» WHAT IS REQUIRED
Word for word, print each record, dropping any image it holds.

(TASK INPUT)

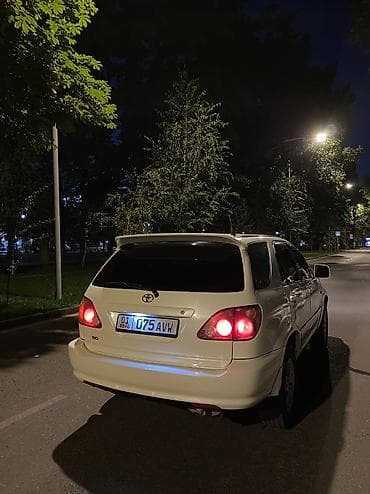Продажа авто: Toyota Harrier: 2000 г., 3 л, Автомат, Газ, Кроссовер — 4
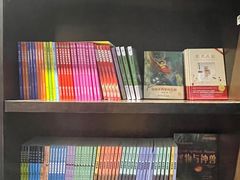 -钟书阁(松江泰晤士小镇店)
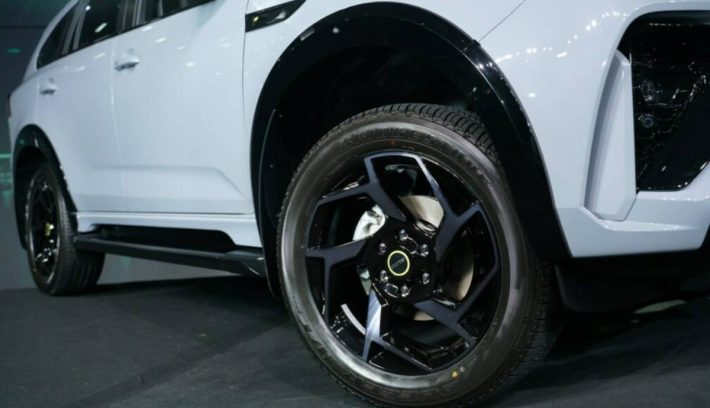 Isuzu MU-X 2025 SUV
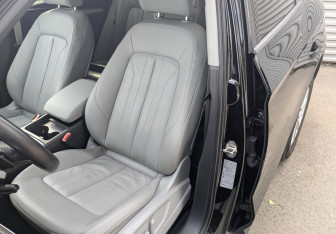 Подержанный автомобиль Audi Q5 2017 года (20 фото)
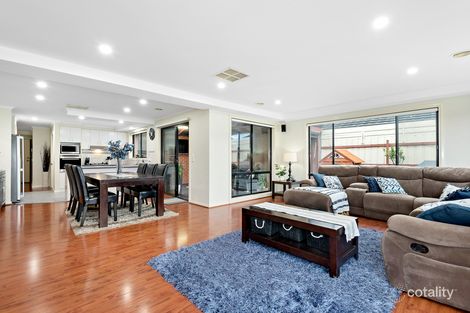 Property photo of 10 Glenaire Crescent Cranbourne West VIC 3977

(End TASK INPUT)

» RESULT OF THIS TASK
Продажа авто: Toyota Harrier: 2000 г., 3 л, Автомат, Газ, Кроссовер — 4
 -钟书阁(松江泰晤士小镇店)
 Isuzu MU-X 2025 SUV
 Подержанный автомобиль Audi Q5 2017 года (20 фото)
 Property photo of 10 Glenaire Crescent Cranbourne West VIC 3977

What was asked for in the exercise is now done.